+++ Data extract
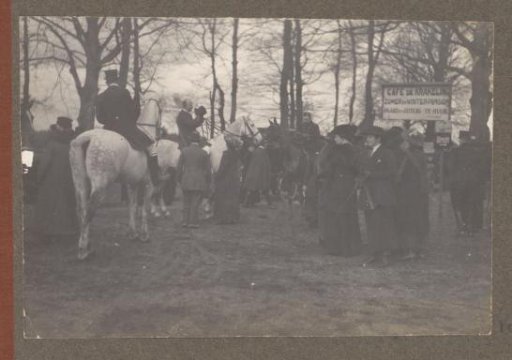 Equestrian scene at the Royal Forest Management Het Loo: group and riders at café de Krakeling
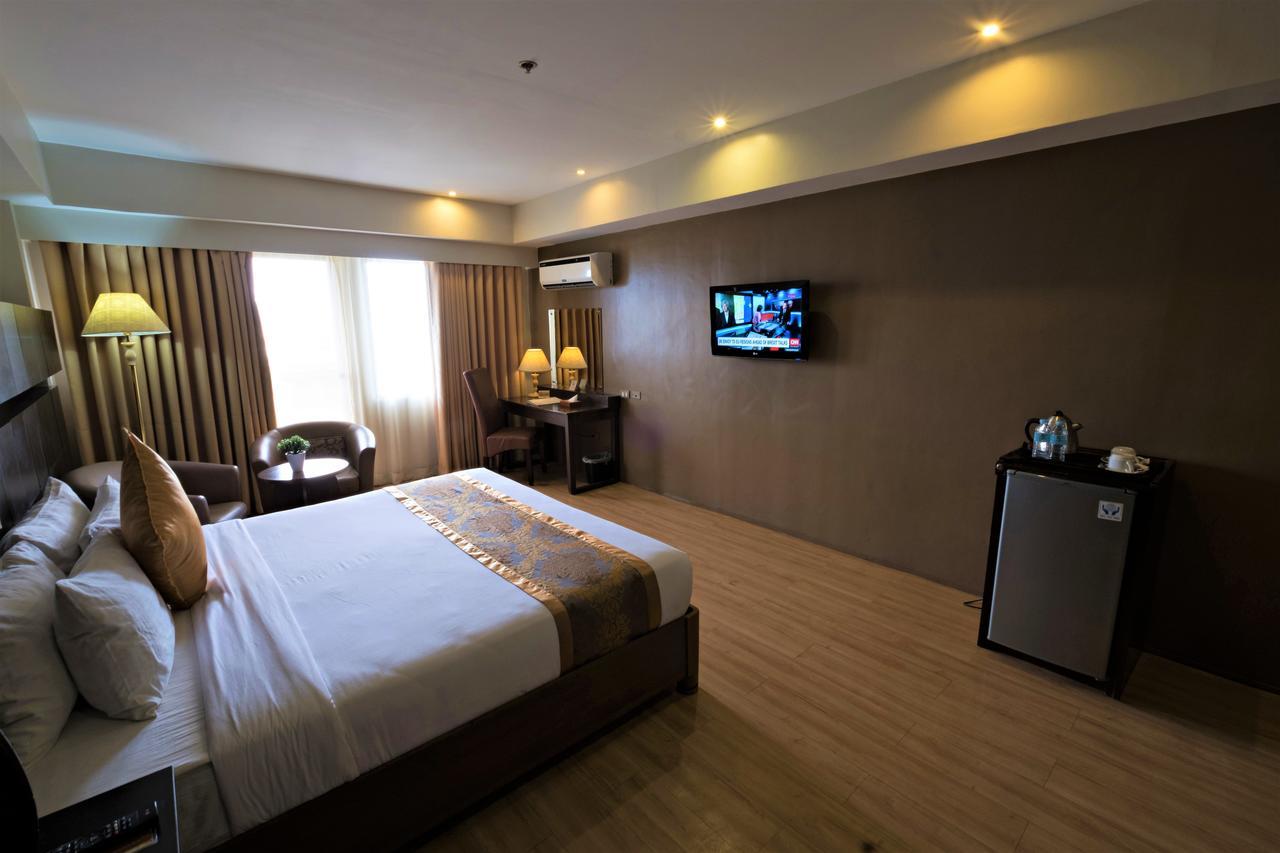 The Pinnacle Hotel And Suites Davao City Dış mekan fotoğraf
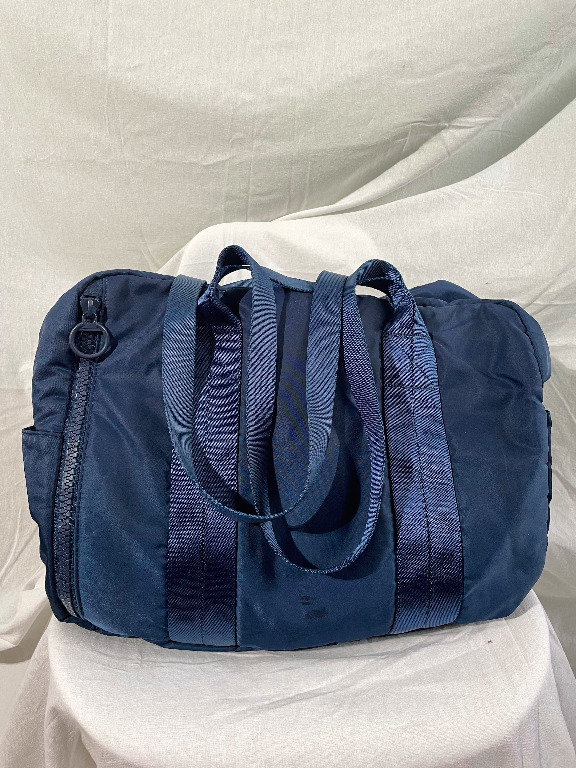 Uniqlo U duffle bag, Men's Fashion, Bags, Backpacks on Carousell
++++++
▶ [Your objective]: Give the data again exactly as it appears, but without any images.

▶ [Answer section]:
 Equestrian scene at the Royal Forest Management Het Loo: group and riders at café de Krakeling
 The Pinnacle Hotel And Suites Davao City Dış mekan fotoğraf
 Uniqlo U duffle bag, Men's Fashion, Bags, Backpacks on Carousell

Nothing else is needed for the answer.